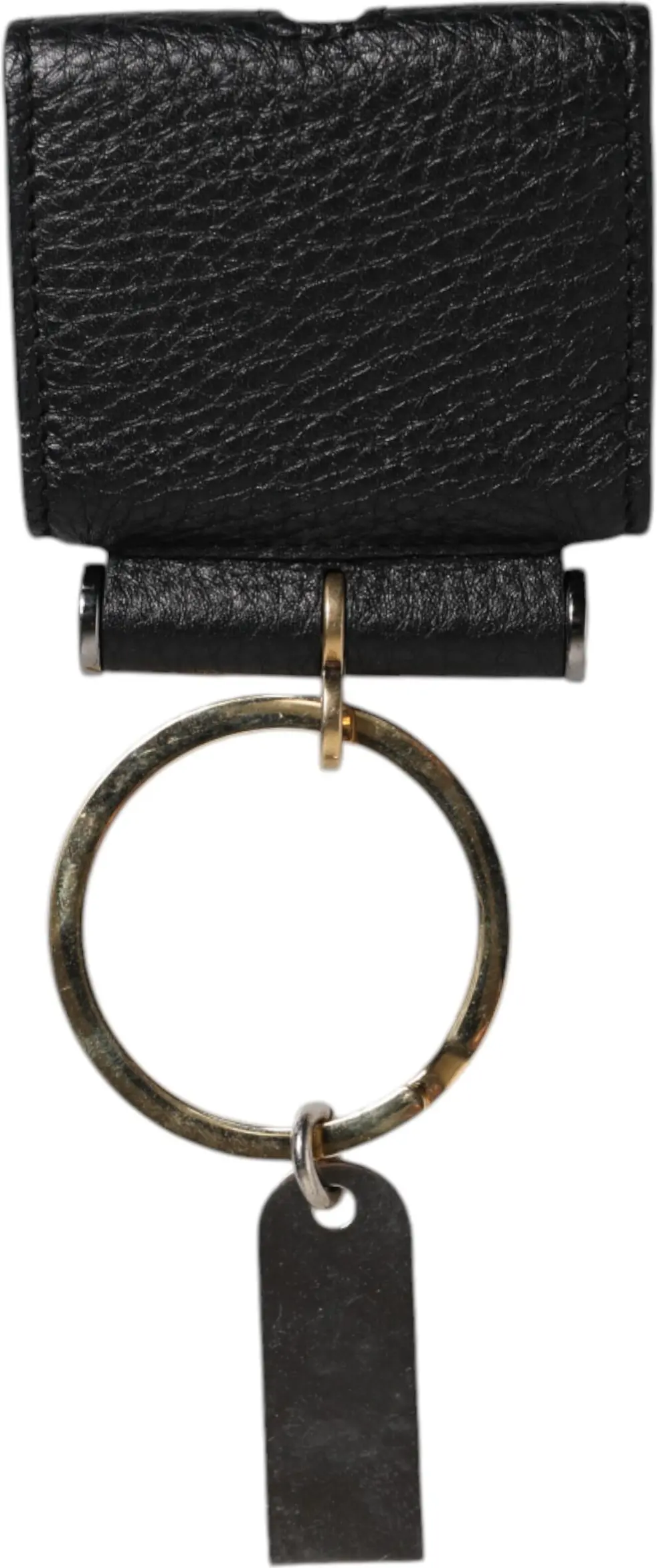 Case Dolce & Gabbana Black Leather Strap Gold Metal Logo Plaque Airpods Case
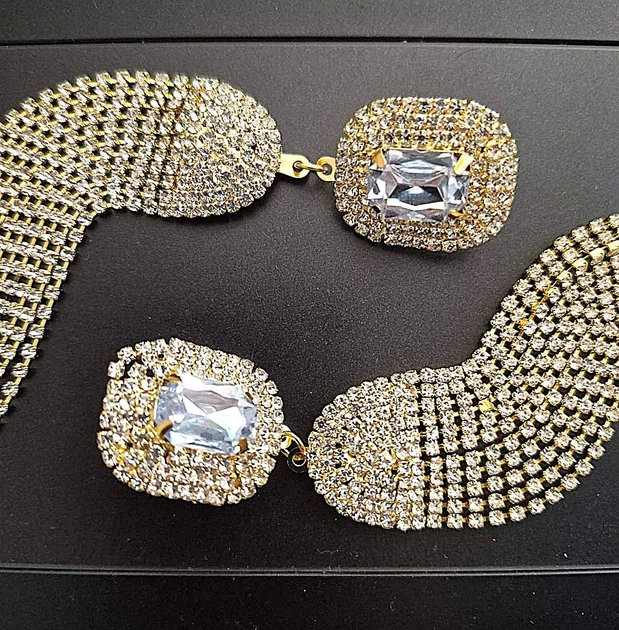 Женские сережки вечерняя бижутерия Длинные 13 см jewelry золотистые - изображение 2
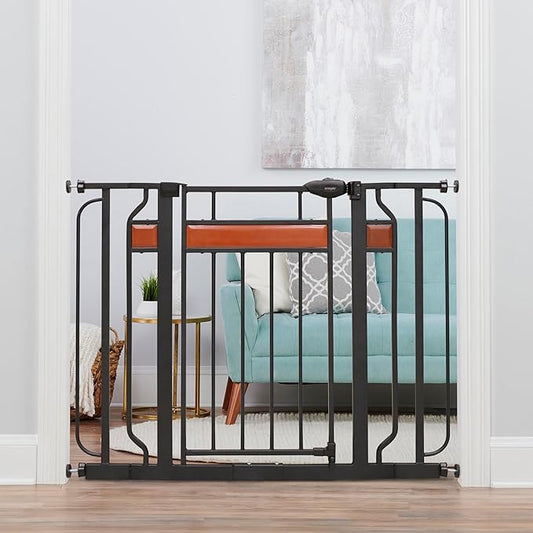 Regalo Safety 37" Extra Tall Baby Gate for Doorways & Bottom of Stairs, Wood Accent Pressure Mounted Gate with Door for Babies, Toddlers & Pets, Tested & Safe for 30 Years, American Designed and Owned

====

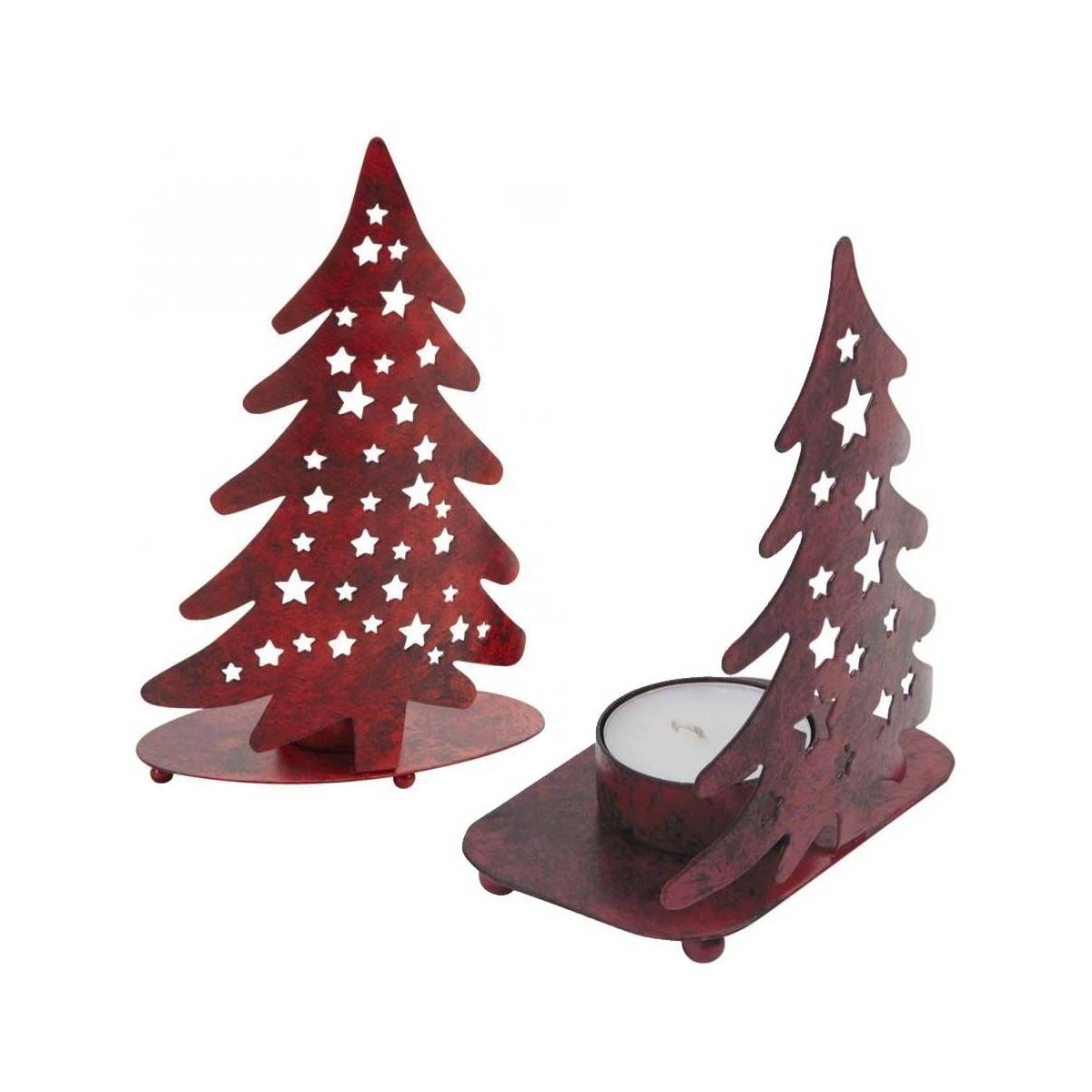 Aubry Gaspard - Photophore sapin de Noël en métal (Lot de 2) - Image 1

====

Try it:
When copying from the data above, begin at the line containing "Case Dolce &" and end at the line containing "Designed and Owned"; return those lines exactly and leave all pictures behind.

Reply to the task:
 Case Dolce & Gabbana Black Leather Strap Gold Metal Logo Plaque Airpods Case
 Женские сережки вечерняя бижутерия Длинные 13 см jewelry золотистые - изображение 2
 Regalo Safety 37" Extra Tall Baby Gate for Doorways & Bottom of Stairs, Wood Accent Pressure Mounted Gate with Door for Babies, Toddlers & Pets, Tested & Safe for 30 Years, American Designed and Owned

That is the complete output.